Without changing a single word, set down all of the records.

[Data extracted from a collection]

▬▬▬▬▬▬

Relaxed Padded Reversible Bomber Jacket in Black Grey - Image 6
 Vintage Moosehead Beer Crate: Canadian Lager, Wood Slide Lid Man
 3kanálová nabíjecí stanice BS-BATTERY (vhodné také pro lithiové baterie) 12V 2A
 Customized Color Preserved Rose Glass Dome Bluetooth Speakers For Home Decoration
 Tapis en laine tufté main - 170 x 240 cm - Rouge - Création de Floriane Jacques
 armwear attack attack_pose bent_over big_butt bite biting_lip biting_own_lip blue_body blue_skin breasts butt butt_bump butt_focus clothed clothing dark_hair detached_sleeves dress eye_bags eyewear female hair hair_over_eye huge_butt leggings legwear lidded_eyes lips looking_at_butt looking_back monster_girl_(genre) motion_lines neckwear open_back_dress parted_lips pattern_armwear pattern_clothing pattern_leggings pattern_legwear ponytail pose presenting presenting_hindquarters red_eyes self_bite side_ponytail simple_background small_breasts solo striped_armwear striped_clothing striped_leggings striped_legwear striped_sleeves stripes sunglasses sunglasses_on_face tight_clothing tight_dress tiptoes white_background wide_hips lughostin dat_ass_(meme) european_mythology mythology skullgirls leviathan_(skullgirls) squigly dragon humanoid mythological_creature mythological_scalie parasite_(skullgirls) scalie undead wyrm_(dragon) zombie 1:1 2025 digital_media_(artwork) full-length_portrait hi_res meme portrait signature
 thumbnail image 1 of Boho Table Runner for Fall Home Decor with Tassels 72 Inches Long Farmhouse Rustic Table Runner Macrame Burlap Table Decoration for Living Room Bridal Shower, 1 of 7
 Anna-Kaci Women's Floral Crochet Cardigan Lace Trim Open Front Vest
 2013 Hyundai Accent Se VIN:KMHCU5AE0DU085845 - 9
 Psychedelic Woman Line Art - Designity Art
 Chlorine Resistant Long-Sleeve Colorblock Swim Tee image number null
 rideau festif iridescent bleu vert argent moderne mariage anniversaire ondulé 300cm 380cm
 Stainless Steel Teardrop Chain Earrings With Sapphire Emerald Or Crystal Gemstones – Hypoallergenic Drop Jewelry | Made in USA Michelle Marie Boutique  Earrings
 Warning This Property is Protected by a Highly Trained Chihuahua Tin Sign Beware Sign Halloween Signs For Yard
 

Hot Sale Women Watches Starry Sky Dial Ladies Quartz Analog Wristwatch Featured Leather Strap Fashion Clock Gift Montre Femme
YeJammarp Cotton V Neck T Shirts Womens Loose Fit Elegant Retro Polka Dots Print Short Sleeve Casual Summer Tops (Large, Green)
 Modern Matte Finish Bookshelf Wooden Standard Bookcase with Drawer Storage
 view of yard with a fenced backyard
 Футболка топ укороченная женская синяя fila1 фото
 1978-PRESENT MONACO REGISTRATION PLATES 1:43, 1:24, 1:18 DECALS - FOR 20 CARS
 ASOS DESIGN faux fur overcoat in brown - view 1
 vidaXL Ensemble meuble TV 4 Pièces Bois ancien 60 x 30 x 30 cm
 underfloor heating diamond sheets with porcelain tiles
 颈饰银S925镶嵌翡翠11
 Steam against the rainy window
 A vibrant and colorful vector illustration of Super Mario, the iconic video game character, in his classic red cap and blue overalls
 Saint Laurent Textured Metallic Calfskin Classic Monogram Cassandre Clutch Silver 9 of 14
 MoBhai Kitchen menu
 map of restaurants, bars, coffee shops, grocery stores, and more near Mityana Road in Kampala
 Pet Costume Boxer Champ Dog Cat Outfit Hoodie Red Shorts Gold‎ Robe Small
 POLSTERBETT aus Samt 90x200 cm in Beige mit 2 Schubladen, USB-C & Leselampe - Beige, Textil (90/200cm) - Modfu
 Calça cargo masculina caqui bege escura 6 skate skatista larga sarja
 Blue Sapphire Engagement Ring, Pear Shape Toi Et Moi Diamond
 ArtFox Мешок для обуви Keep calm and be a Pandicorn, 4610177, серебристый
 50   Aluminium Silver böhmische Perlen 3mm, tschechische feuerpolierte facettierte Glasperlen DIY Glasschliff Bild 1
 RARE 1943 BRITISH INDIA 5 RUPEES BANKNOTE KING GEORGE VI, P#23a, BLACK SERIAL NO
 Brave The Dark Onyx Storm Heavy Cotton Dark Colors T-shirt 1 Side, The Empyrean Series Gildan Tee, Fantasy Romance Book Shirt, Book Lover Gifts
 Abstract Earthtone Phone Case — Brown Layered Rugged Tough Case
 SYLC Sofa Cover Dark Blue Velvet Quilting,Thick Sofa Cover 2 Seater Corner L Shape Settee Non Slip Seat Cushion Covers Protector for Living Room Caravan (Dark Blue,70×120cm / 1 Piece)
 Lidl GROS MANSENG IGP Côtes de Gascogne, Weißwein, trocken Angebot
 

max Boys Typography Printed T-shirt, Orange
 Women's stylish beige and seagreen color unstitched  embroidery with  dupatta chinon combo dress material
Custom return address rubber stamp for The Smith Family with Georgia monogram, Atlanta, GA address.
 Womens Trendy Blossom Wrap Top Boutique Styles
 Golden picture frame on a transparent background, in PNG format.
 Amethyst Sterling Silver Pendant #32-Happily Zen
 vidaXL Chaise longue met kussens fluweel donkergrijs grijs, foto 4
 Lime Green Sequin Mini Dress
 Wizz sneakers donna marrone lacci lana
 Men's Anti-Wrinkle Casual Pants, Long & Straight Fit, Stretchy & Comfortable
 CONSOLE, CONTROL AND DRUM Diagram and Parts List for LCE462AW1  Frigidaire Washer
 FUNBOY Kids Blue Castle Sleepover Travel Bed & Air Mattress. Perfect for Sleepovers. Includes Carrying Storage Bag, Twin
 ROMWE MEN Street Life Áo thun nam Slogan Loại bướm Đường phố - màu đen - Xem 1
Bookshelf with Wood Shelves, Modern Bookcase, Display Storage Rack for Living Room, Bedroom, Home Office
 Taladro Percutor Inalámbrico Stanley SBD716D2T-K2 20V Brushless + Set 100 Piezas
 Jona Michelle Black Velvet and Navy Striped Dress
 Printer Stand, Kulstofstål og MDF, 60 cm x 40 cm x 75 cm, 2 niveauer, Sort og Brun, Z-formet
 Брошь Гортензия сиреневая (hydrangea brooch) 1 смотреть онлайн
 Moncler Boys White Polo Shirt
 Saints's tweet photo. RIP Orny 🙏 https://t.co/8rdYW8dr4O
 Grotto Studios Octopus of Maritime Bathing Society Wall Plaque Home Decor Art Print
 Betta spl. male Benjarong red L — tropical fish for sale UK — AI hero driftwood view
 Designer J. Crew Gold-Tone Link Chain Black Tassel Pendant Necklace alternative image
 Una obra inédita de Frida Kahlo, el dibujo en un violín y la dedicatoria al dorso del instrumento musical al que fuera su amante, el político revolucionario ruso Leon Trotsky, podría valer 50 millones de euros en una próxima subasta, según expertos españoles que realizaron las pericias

▬▬▬▬▬▬

> [RESPONSE TO THE EXERCISE]:
Relaxed Padded Reversible Bomber Jacket in Black Grey - Image 6
 Vintage Moosehead Beer Crate: Canadian Lager, Wood Slide Lid Man
 3kanálová nabíjecí stanice BS-BATTERY (vhodné také pro lithiové baterie) 12V 2A
 Customized Color Preserved Rose Glass Dome Bluetooth Speakers For Home Decoration
 Tapis en laine tufté main - 170 x 240 cm - Rouge - Création de Floriane Jacques
 armwear attack attack_pose bent_over big_butt bite biting_lip biting_own_lip blue_body blue_skin breasts butt butt_bump butt_focus clothed clothing dark_hair detached_sleeves dress eye_bags eyewear female hair hair_over_eye huge_butt leggings legwear lidded_eyes lips looking_at_butt looking_back monster_girl_(genre) motion_lines neckwear open_back_dress parted_lips pattern_armwear pattern_clothing pattern_leggings pattern_legwear ponytail pose presenting presenting_hindquarters red_eyes self_bite side_ponytail simple_background small_breasts solo striped_armwear striped_clothing striped_leggings striped_legwear striped_sleeves stripes sunglasses sunglasses_on_face tight_clothing tight_dress tiptoes white_background wide_hips lughostin dat_ass_(meme) european_mythology mythology skullgirls leviathan_(skullgirls) squigly dragon humanoid mythological_creature mythological_scalie parasite_(skullgirls) scalie undead wyrm_(dragon) zombie 1:1 2025 digital_media_(artwork) full-length_portrait hi_res meme portrait signature
 thumbnail image 1 of Boho Table Runner for Fall Home Decor with Tassels 72 Inches Long Farmhouse Rustic Table Runner Macrame Burlap Table Decoration for Living Room Bridal Shower, 1 of 7
 Anna-Kaci Women's Floral Crochet Cardigan Lace Trim Open Front Vest
 2013 Hyundai Accent Se VIN:KMHCU5AE0DU085845 - 9
 Psychedelic Woman Line Art - Designity Art
 Chlorine Resistant Long-Sleeve Colorblock Swim Tee image number null
 rideau festif iridescent bleu vert argent moderne mariage anniversaire ondulé 300cm 380cm
 Stainless Steel Teardrop Chain Earrings With Sapphire Emerald Or Crystal Gemstones – Hypoallergenic Drop Jewelry | Made in USA Michelle Marie Boutique  Earrings
 Warning This Property is Protected by a Highly Trained Chihuahua Tin Sign Beware Sign Halloween Signs For Yard
 

Hot Sale Women Watches Starry Sky Dial Ladies Quartz Analog Wristwatch Featured Leather Strap Fashion Clock Gift Montre Femme
YeJammarp Cotton V Neck T Shirts Womens Loose Fit Elegant Retro Polka Dots Print Short Sleeve Casual Summer Tops (Large, Green)
 Modern Matte Finish Bookshelf Wooden Standard Bookcase with Drawer Storage
 view of yard with a fenced backyard
 Футболка топ укороченная женская синяя fila1 фото
 1978-PRESENT MONACO REGISTRATION PLATES 1:43, 1:24, 1:18 DECALS - FOR 20 CARS
 ASOS DESIGN faux fur overcoat in brown - view 1
 vidaXL Ensemble meuble TV 4 Pièces Bois ancien 60 x 30 x 30 cm
 underfloor heating diamond sheets with porcelain tiles
 颈饰银S925镶嵌翡翠11
 Steam against the rainy window
 A vibrant and colorful vector illustration of Super Mario, the iconic video game character, in his classic red cap and blue overalls
 Saint Laurent Textured Metallic Calfskin Classic Monogram Cassandre Clutch Silver 9 of 14
 MoBhai Kitchen menu
 map of restaurants, bars, coffee shops, grocery stores, and more near Mityana Road in Kampala
 Pet Costume Boxer Champ Dog Cat Outfit Hoodie Red Shorts Gold‎ Robe Small
 POLSTERBETT aus Samt 90x200 cm in Beige mit 2 Schubladen, USB-C & Leselampe - Beige, Textil (90/200cm) - Modfu
 Calça cargo masculina caqui bege escura 6 skate skatista larga sarja
 Blue Sapphire Engagement Ring, Pear Shape Toi Et Moi Diamond
 ArtFox Мешок для обуви Keep calm and be a Pandicorn, 4610177, серебристый
 50   Aluminium Silver böhmische Perlen 3mm, tschechische feuerpolierte facettierte Glasperlen DIY Glasschliff Bild 1
 RARE 1943 BRITISH INDIA 5 RUPEES BANKNOTE KING GEORGE VI, P#23a, BLACK SERIAL NO
 Brave The Dark Onyx Storm Heavy Cotton Dark Colors T-shirt 1 Side, The Empyrean Series Gildan Tee, Fantasy Romance Book Shirt, Book Lover Gifts
 Abstract Earthtone Phone Case — Brown Layered Rugged Tough Case
 SYLC Sofa Cover Dark Blue Velvet Quilting,Thick Sofa Cover 2 Seater Corner L Shape Settee Non Slip Seat Cushion Covers Protector for Living Room Caravan (Dark Blue,70×120cm / 1 Piece)
 Lidl GROS MANSENG IGP Côtes de Gascogne, Weißwein, trocken Angebot
 

max Boys Typography Printed T-shirt, Orange
 Women's stylish beige and seagreen color unstitched  embroidery with  dupatta chinon combo dress material
Custom return address rubber stamp for The Smith Family with Georgia monogram, Atlanta, GA address.
 Womens Trendy Blossom Wrap Top Boutique Styles
 Golden picture frame on a transparent background, in PNG format.
 Amethyst Sterling Silver Pendant #32-Happily Zen
 vidaXL Chaise longue met kussens fluweel donkergrijs grijs, foto 4
 Lime Green Sequin Mini Dress
 Wizz sneakers donna marrone lacci lana
 Men's Anti-Wrinkle Casual Pants, Long & Straight Fit, Stretchy & Comfortable
 CONSOLE, CONTROL AND DRUM Diagram and Parts List for LCE462AW1  Frigidaire Washer
 FUNBOY Kids Blue Castle Sleepover Travel Bed & Air Mattress. Perfect for Sleepovers. Includes Carrying Storage Bag, Twin
 ROMWE MEN Street Life Áo thun nam Slogan Loại bướm Đường phố - màu đen - Xem 1
Bookshelf with Wood Shelves, Modern Bookcase, Display Storage Rack for Living Room, Bedroom, Home Office
 Taladro Percutor Inalámbrico Stanley SBD716D2T-K2 20V Brushless + Set 100 Piezas
 Jona Michelle Black Velvet and Navy Striped Dress
 Printer Stand, Kulstofstål og MDF, 60 cm x 40 cm x 75 cm, 2 niveauer, Sort og Brun, Z-formet
 Брошь Гортензия сиреневая (hydrangea brooch) 1 смотреть онлайн
 Moncler Boys White Polo Shirt
 Saints's tweet photo. RIP Orny 🙏 https://t.co/8rdYW8dr4O
 Grotto Studios Octopus of Maritime Bathing Society Wall Plaque Home Decor Art Print
 Betta spl. male Benjarong red L — tropical fish for sale UK — AI hero driftwood view
 Designer J. Crew Gold-Tone Link Chain Black Tassel Pendant Necklace alternative image
 Una obra inédita de Frida Kahlo, el dibujo en un violín y la dedicatoria al dorso del instrumento musical al que fuera su amante, el político revolucionario ruso Leon Trotsky, podría valer 50 millones de euros en una próxima subasta, según expertos españoles que realizaron las pericias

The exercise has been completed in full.